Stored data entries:
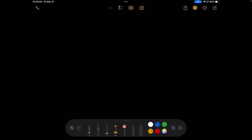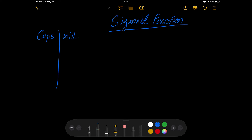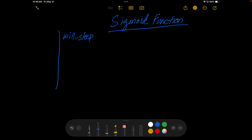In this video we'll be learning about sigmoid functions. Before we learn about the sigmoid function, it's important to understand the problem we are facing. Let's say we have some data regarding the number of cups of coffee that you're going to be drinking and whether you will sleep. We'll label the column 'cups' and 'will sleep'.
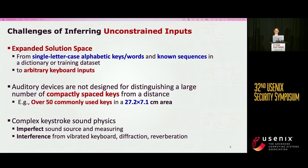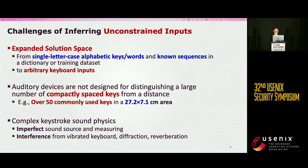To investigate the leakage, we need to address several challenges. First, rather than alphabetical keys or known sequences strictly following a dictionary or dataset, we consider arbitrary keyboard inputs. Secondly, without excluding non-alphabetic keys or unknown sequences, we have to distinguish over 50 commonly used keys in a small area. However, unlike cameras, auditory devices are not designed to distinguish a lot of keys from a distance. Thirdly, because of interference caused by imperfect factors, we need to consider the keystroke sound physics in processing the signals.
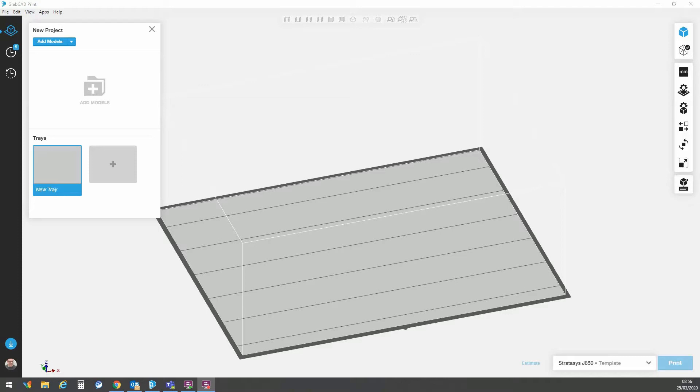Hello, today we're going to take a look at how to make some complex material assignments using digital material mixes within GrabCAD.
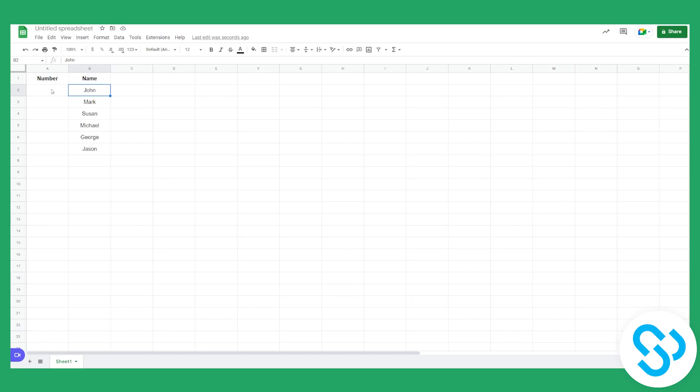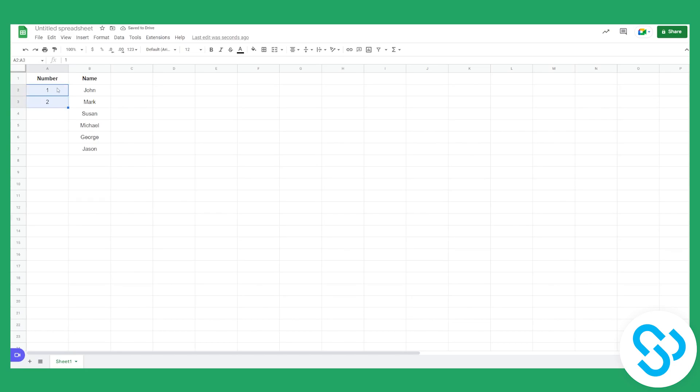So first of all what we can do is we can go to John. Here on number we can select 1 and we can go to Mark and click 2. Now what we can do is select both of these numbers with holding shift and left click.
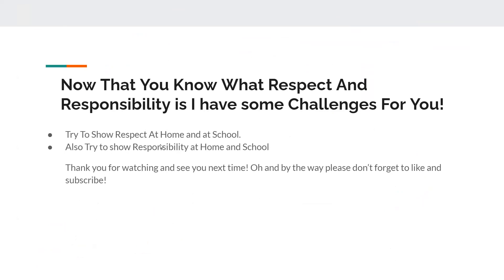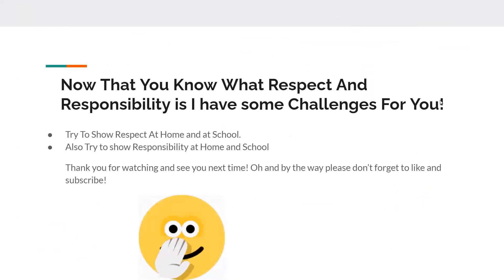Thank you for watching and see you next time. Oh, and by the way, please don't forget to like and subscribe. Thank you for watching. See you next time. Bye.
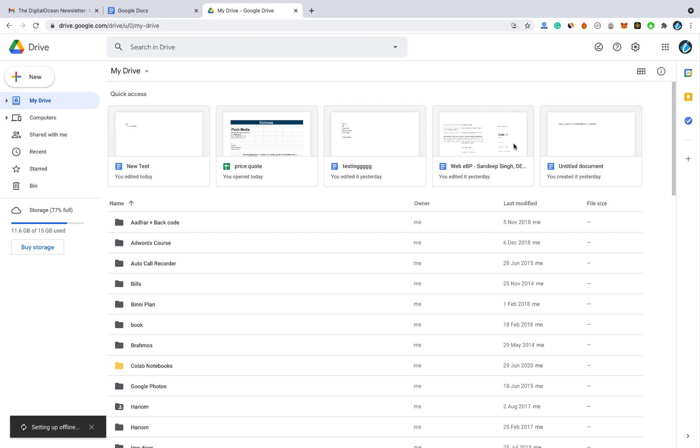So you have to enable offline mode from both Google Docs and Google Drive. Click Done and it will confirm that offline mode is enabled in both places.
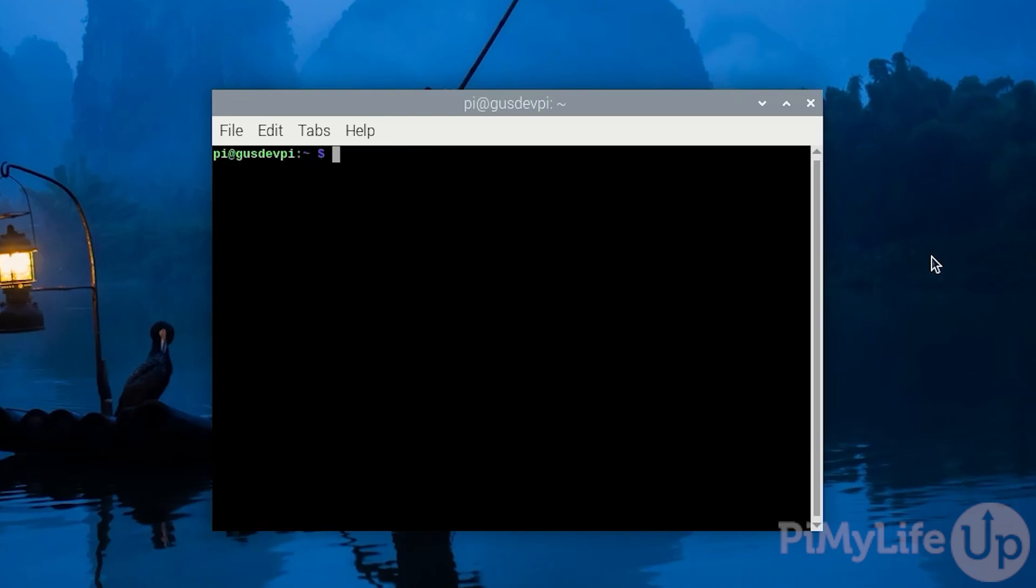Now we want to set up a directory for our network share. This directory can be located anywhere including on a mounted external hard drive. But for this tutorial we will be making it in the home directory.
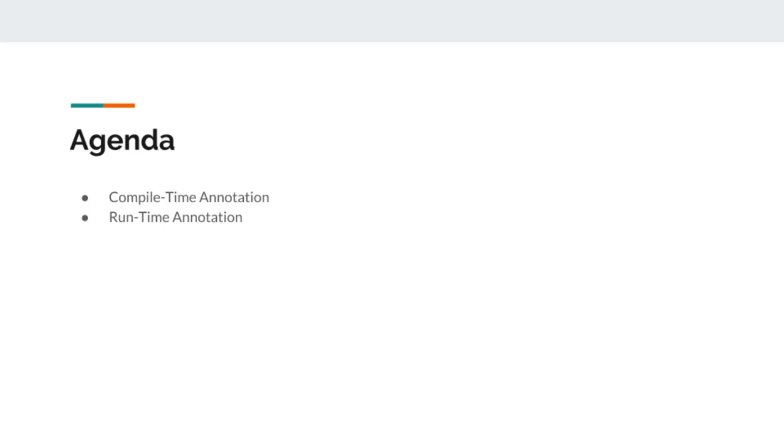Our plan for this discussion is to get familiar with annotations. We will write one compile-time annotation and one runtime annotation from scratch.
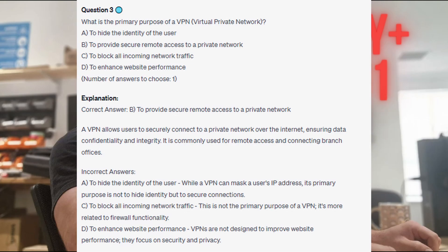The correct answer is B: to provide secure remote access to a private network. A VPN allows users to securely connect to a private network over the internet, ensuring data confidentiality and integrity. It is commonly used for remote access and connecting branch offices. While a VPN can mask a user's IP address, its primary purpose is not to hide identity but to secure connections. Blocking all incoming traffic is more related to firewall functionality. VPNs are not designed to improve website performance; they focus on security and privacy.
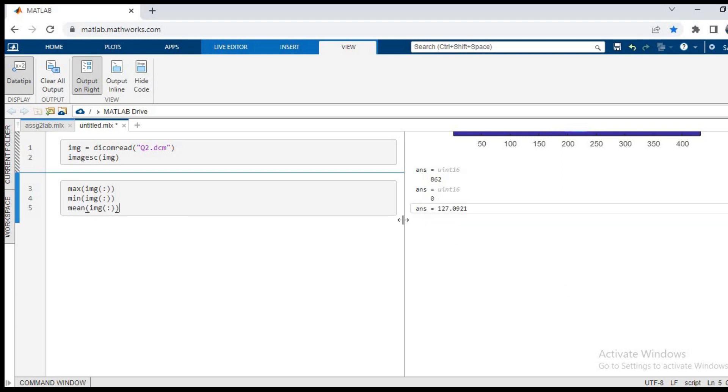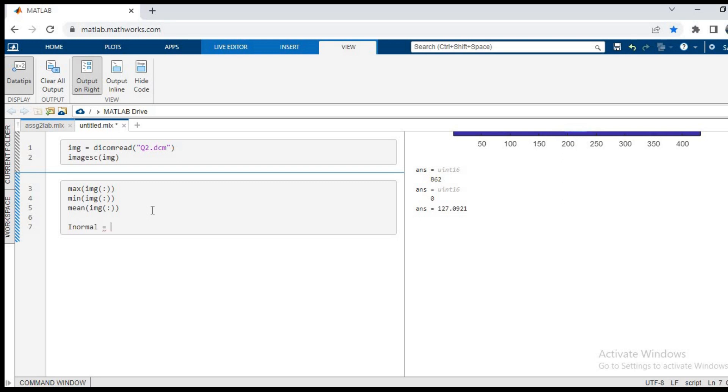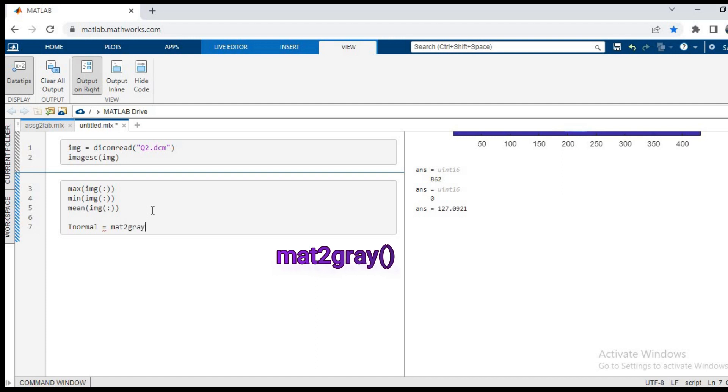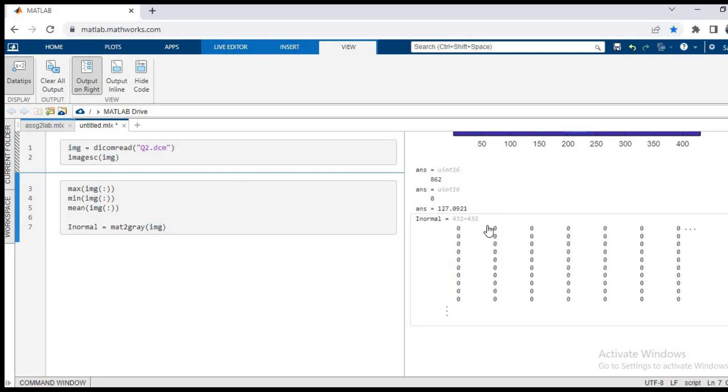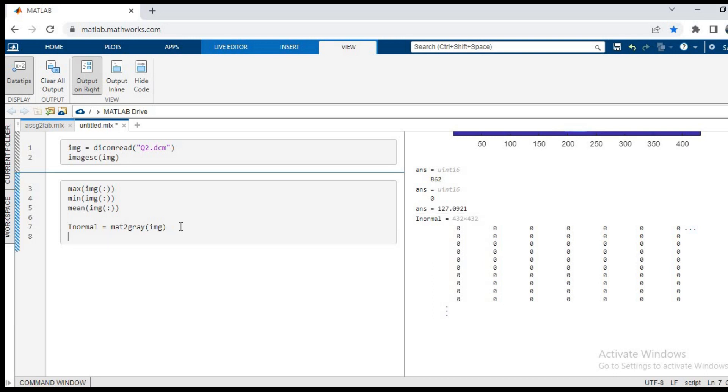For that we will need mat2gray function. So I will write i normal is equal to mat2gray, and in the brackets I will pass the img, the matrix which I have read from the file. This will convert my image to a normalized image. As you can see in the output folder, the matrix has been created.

* * *

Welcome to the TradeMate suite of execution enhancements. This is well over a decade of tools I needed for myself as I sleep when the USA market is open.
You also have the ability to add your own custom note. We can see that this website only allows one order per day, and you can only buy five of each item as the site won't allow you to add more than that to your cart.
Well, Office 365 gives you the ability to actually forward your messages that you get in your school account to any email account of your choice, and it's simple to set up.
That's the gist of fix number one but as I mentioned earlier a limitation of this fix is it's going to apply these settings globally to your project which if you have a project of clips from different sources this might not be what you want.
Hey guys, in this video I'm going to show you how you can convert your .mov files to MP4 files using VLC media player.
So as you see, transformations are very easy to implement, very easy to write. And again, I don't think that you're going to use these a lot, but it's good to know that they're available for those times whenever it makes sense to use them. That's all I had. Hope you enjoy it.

YOUR ASSIGNMENT: Reproduce the data above exactly, but only from the line containing "Our plan for" through the line containing "For that we"; skip the pictures.

SOLUTION:
Our plan for this discussion is to get familiar with annotations. We will write one compile-time annotation and one runtime annotation from scratch.
The correct answer is B: to provide secure remote access to a private network. A VPN allows users to securely connect to a private network over the internet, ensuring data confidentiality and integrity. It is commonly used for remote access and connecting branch offices. While a VPN can mask a user's IP address, its primary purpose is not to hide identity but to secure connections. Blocking all incoming traffic is more related to firewall functionality. VPNs are not designed to improve website performance; they focus on security and privacy.
For that we will need mat2gray function. So I will write i normal is equal to mat2gray, and in the brackets I will pass the img, the matrix which I have read from the file. This will convert my image to a normalized image. As you can see in the output folder, the matrix has been created.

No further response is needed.